Modern day Robin Hood steals from the rich and champions the underdog.
"So, you're the famous Simon Templar!"
118 episodes of 60 minute duration. ATV: New World: Bamore: ITC. 1962-69.
Simon Templar had charmed his way through a series of best-selling novels and a modestly successful series of 1940's Hollywood movies, before ultimately finding his immensely successful home on the television screen.
Leslie Charteris originally tried to develop his modern day Robin Hood character for television some years before, but it was Robert S. Baker and Monty Berman, backed by TV mogul Lew Grade, who finally secured the rights for the series (See accompanying article for a more in-depth account). After offering the part to televisions Danger Man - Patrick McGoohan, it was finally decided that ex-knitting pattern model Roger Moore would don the famous Saintly halo. Moore played the part of Simon Templar (the initials ST giving rise to his nom de plume), with great style from 1962 to 1969, in the process helping to ensure that the series became one of the flagship successes of Grade's television empire, as well as bestowing almost overnight international stardom on its innately charming and handsome leading man.

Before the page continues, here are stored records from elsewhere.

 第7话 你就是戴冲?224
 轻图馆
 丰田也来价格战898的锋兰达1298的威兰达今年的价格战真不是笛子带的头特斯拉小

When the series finally reached the end of its natural life, Moore went on to star as Lord Brett Sinclair, in a brief series with Hollywood legend Tony Curtis (The Persuaders 1971-72), before finally taking over from Sean Connery as Ian Fleming's James Bond in the movies. (A move which would earn him the distinction of being the longest serving, and most financially successful incarnation of the Bond character to appear in the series thus far).

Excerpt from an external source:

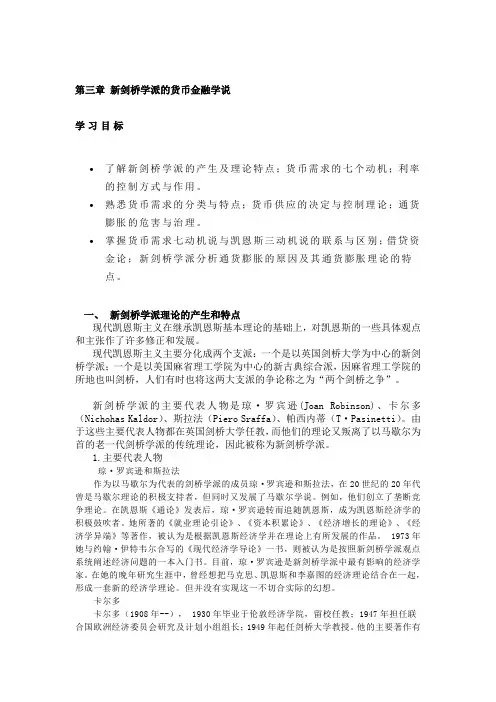 (金融保险)新剑桥学派的货币金融学说
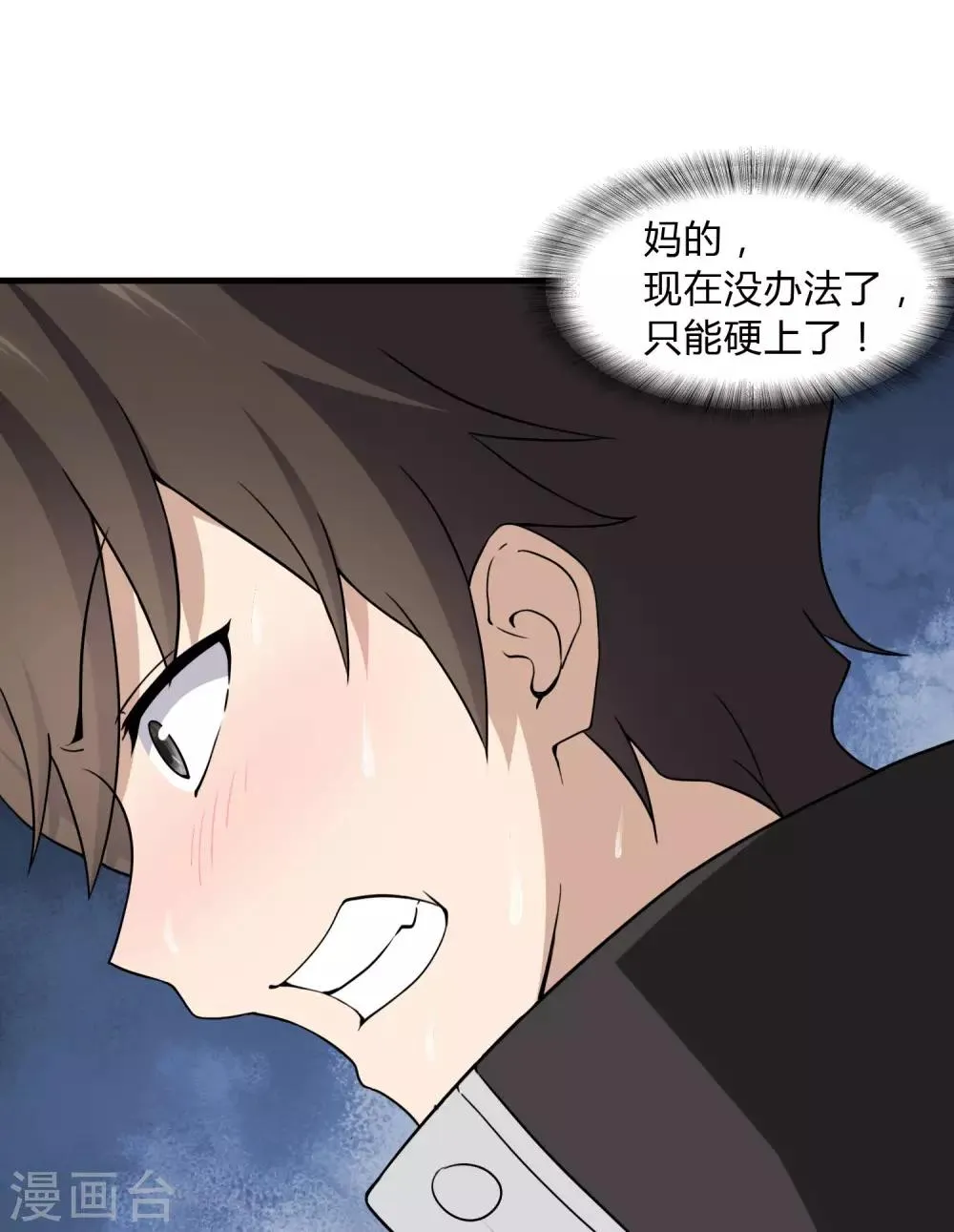 第149话 第42页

The Saint did not appear in colour until 1966 when Moore co-purchased the rights to the show. Seen in numerous countries around the world it is believed that the series earned in excess of £350 million. Two subsequent television attempts to revive the series starring different actors (Return of the Saint 1978-79 by ITC, starring Ian Ogilvy and The Saint 1989-90 by LWT, starring Simon Dutton), and an ill-received big screen version starring Val Kilmer, have each failed to recapture the publics imagination in the way that the original series did, leaving Roger Moore's portrayal as the definitive version.